RE: USR 9105 versus Nokia M1122

From: leety_at_ihug.co.nz
Date: Fri, 24 Sep 2004 11:53:20 +1200
Message-id: <415361f0.35e.7f09.1984934346@ihug.co.nz>

Robert Davies <robert@statsresearch.co.nz> said:
> This answers some questions raised by some follow-ups to
> my previous
> postings (public and private), see below for earlier
> posting.
>
>
> Does the software upgrade to the USR 9105 make any
> difference? The version
> is now 1556_011604-2.12L.01.a0_23a and it makes no
> appreciable difference.
>
>
> What are the line-speeds reported by the modems?
>
>
> Nokia M1122
> Downstream Upstream
> Attainable bit-rate 2752 576
> Actual bitrate 2336 608
>
>
> USR 9105
> Downstream Upstream
> Attainable rate (Kbps) 3808 928
> Rate (Kbps) 3520 832
>
>
> The difference between these figures and the observed ones
> below may be due
> to the time it takes the packets to wend their way through
> Windows XP's new
> fire-wall or, maybe, you can never get the rates the
> router claims. I
> don't think the differences in this case are large enough
> to get excited
> about.
>
>
> What about time between retrains?
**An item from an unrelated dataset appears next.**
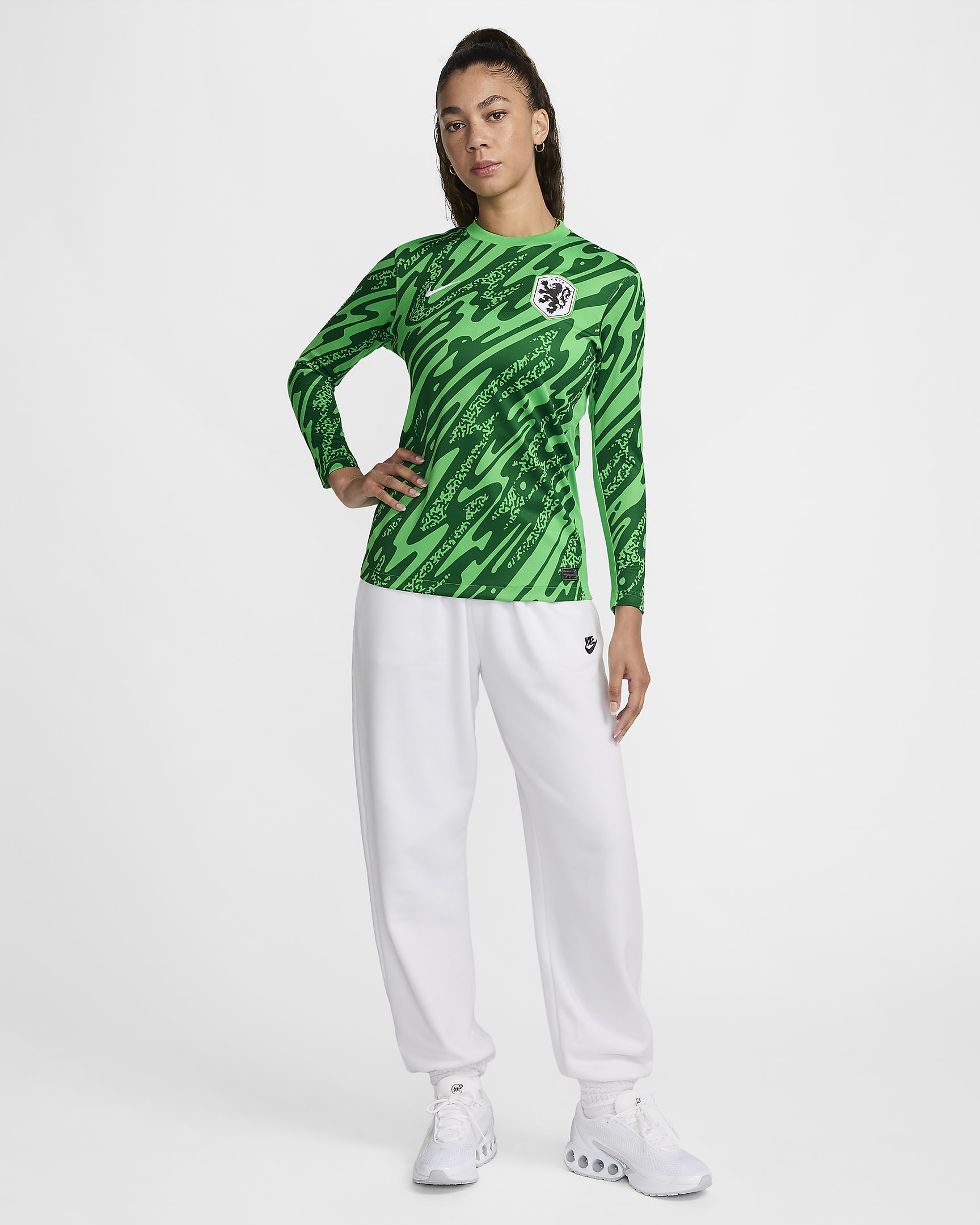 Netherlands (Women's Team) 2024/25 Stadium Goalkeeper Nike Replika-Fußballtrikot mit Dri-FIT-Technologie (Damen) - Green Spark/Pine Green/Weiß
The log over 15 hours on
> the USR 9105
> showed one retrain following what I interpret as a short
> ADSL outage. So
> I don't think retrains are an issue.

I was busy when this first came up and then forgot about it
but I think I was the original person who requested the
info.

Craig was right, I was talking about the line speeds
reported by the modem. As Craig has pointed out, to my
knowledge there is no reason I know of any decent modem
should not be able to achieve the line speed it's connected
at. Usage tests on FTP servers and such are likely to be
somewhat unreliable since there are other factors which can
affect the speed. A sustained transfer over a long period
(say half an hour or so) during off peak times (3 am maybe)
repeated several times should give a consistent value but
since most modems report line speeds, it probably isn't
necessary to go to so much trouble.

I now have a M1122. The connected line speed varies from
2600-3000kbps down and about 800 up. I don't think there has
even been a retrain. It generally connects at the lower end
of the spectrum but is variable (at least in the 10x or so I
tested it). I do have the latest firmware.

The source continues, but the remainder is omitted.